▸ **Required work**: Your reply should contain nothing except the lines from the one with "Back view of" through the end of the listing below, reproduced exactly and stripped of pictures.

▸ **Data segment**:
▬▬▬

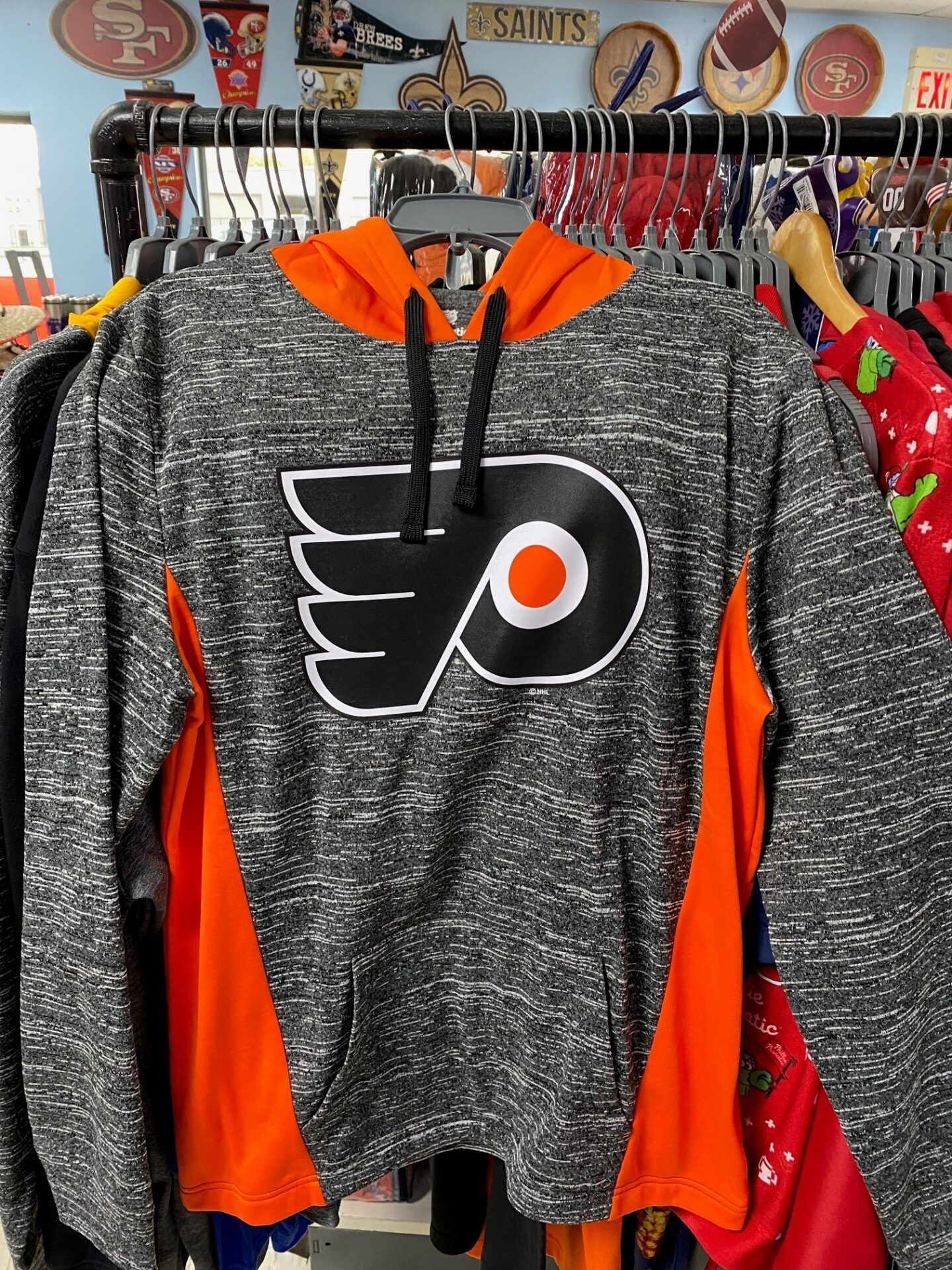 Philadelphia Flyers hoodie hanging on a rack, gray with orange accents and team logo.
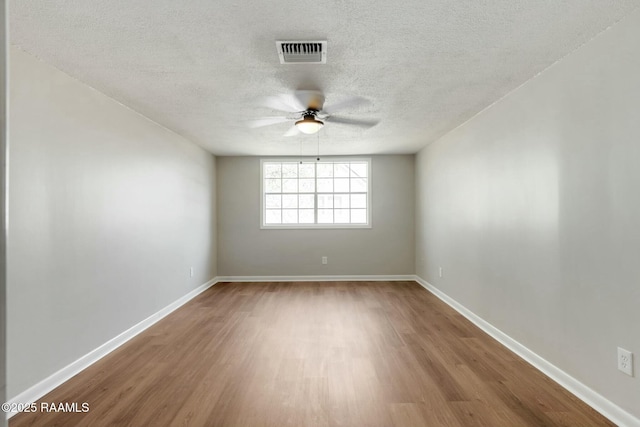 spare room featuring wood finished floors, baseboards, visible vents, ceiling fan, and a textured ceiling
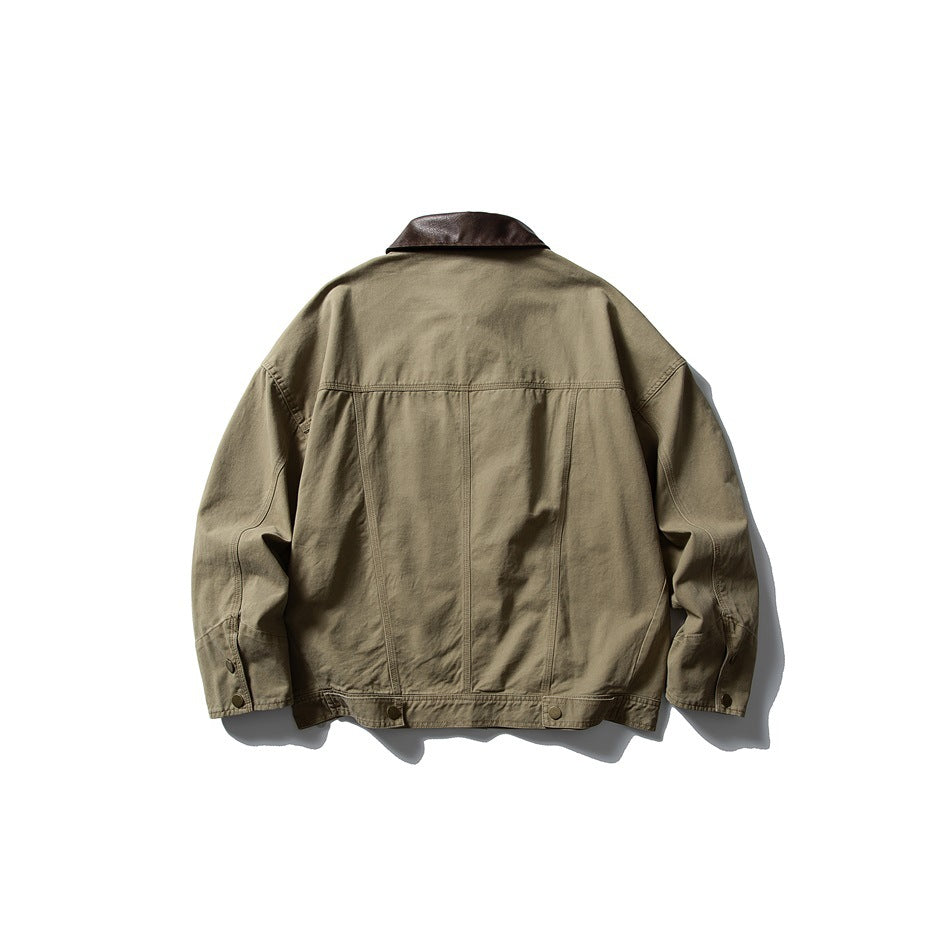 Back view of a khaki jacket with a dark brown collar, panel seams, and snap-tab cuffs and hem.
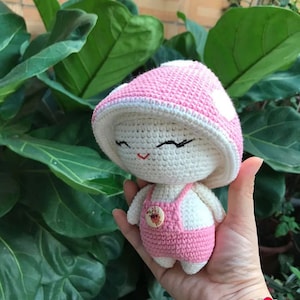 May include: A crocheted mushroom doll with a pink and white hat, white body, and pink overalls. The doll has a button on the front of its overalls.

▬▬▬

▸ **Result of the exercise**:
 Back view of a khaki jacket with a dark brown collar, panel seams, and snap-tab cuffs and hem.
 May include: A crocheted mushroom doll with a pink and white hat, white body, and pink overalls. The doll has a button on the front of its overalls.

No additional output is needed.